The west's 20 years of policy self-harm

As he noted:

The crisis itself only happened because of the huge build-up of debt that policymakers treated with reprehensible neglect.

He added:

With huge cross-border credit growth, of course, came huge domestic credit growth. It bears mentioning that this growth was largely in private credit – governments were not particularly profligate, though some had hangovers over legacy debt and, in a crisis, private debts usually end up in public balance sheets anyway. But it was clearly a policy error to allow private credit at this scale: we now know that beyond a certain point, more private credit (whether a higher level or faster growth) is harmful for economic growth and an indicator of a looming financial crisis.

And as he noted:

And we know this not from the sworn enemies of the financial sector, but from such stalwarts of the liberal economic order as the IMF, the OECD and the BIS.

I usually refer to them as the hotbeds of international socialism when I make the same point when speaking in public.

But this was only the start of the error-driven policy. He then says:

After the welcome outburst of good policy in 2008-09, which arrested the downturn and triggered an initially strong recovery, the mistakes continued. In the US and Europe alike, fiscal stimulus was reversed and monetary stimulus was never pushed to the limit, and was sometimes prematurely withdrawn. The result was slower growth and lower economic activity than would have been achievable, manifest in less than full employment almost everywhere.

In other words, Keynesian policy worked in 2008-09 and thereafter austerity totally failed to deliver.

And this does not just have serious economic ramifications, although that is true.
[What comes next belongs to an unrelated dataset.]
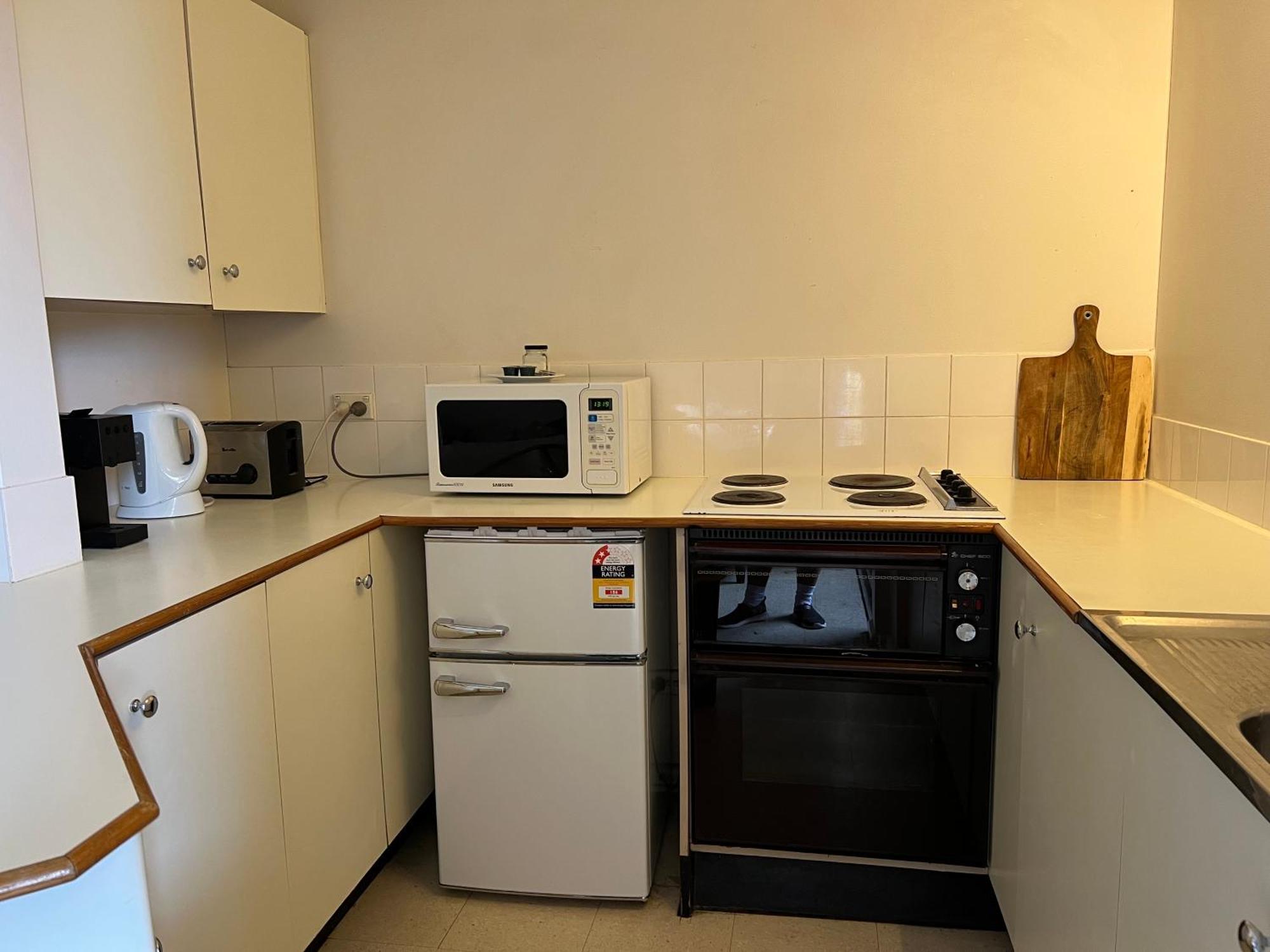 Paxsafe Sydney Hyde Park Private Apartments Extérieur photo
He then notes:

These economic policy mistakes matter beyond the trillions lost in economic value. They are also political mistakes. Economists have shown empirically that financial crises as a rule strengthen hard-right extremes and erode the political centre.

That is, of course, what is happening.

It is good to see such facts being noted in the FT. But it is depressing that Sandbu is not optimistic of the chances of political change. And that's what is really needed.